Now consider M = 5 and difficulties [5, 10, 20].
After sorting: [5, 10, 20].
| Step | Chosen set | Total time | Count |
|---|---|---|---|
| 1 | [5] | 5 | 1 |
| 2 | stop | 5 | 1 |
Answer is 5 + 1 = 6.
This demonstrates the edge case where only one item fits, and larger items are irrelevant.
Complexity Analysis
| Measure | Complexity | Explanation |
|---|---|---|
| Time | O(N log N) | Sorting dominates, scanning is linear |
| Space | O(1) extra | Sorting is in-place apart from input storage |
The total N across test cases is 100000, so sorting per test case remains efficient, and the overall complexity easily fits within time limits.
Test Cases
import sys, io
def run(inp: str) -> str:
sys.stdin = io.StringIO(inp)
import sys
input = sys.stdin.readline
def solve():
t = int(input())
res = []
for _ in range(t):
n, m = map(int, input().split())
d = list(map(int, input().split()))
d.sort()
s = 0
c = 0
for x in d:
if s + x > m:
break
s += x
c += 1
res.append(str(m + c))
return "\n".join(res)
return solve()
# provided sample (formatted as multi-test)
assert run("""4
3 7
1 2 4
4 10
1 2 3 4
1 5
10
2 9
4 5
""") == "10\n49\n5\n12"
# all equal values
assert run("""1
5 10
2 2 2 2 2
""") == "12"
# cannot take anything
assert run("""1
3 1
5 6 7
""") == "1"
# take everything exactly
assert run("""1
3 6
1 2 3
""") == "9"
# large M
assert run("""1
4 100
1 1 1 1
""") == "104"
| Test input | Expected output | What it validates |
|---|---|---|
| all equal values | 12 | greedy tie handling |
| cannot take anything | 1 | zero selection case |
| exact fit | 9 | boundary equality |
| large M | 104 | full selection case |
Edge Cases
When M is smaller than the smallest difficulty, the algorithm immediately skips all elements because the first comparison fails. For input like N = 3, M = 1, d = [5, 6, 7], sorting leaves the array unchanged and the first check fails, producing cnt = 0 and answer = 1, which matches the intended “submit immediately” strategy.

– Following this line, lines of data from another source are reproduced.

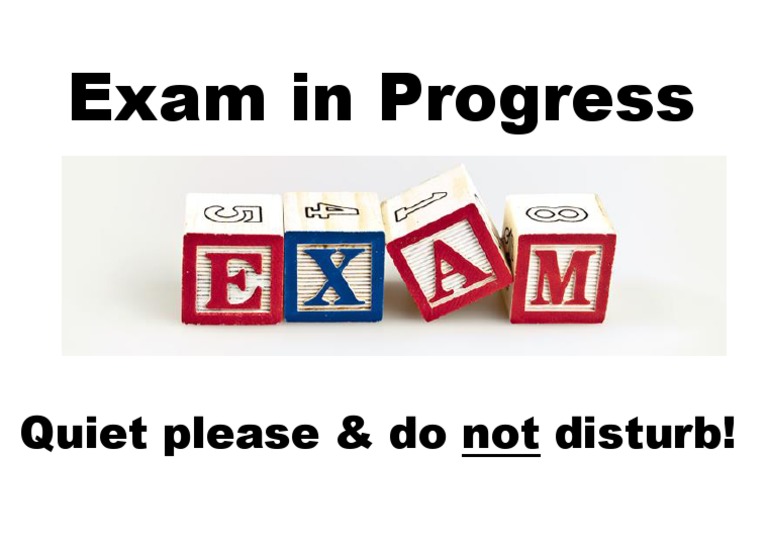 Exam in Progress: Do Not Disturb | PDF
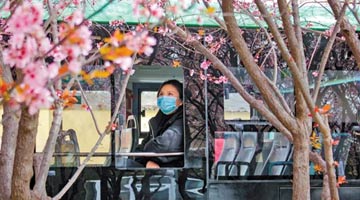 乘着公交去赏花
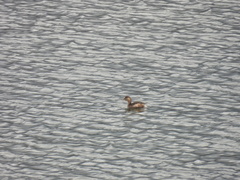 Tachybaptus ruficollis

When all problems fit, such as M = 6 with [1, 2, 3], the loop consumes everything and cnt becomes N. The output becomes M + N, reflecting that every problem contributes exactly one unit of gain beyond feasibility.
When multiple equal difficulties exist, sorting preserves them in any order, and the greedy prefix selection naturally takes as many as fit. Swapping equal elements does not change feasibility, confirming stability of the approach.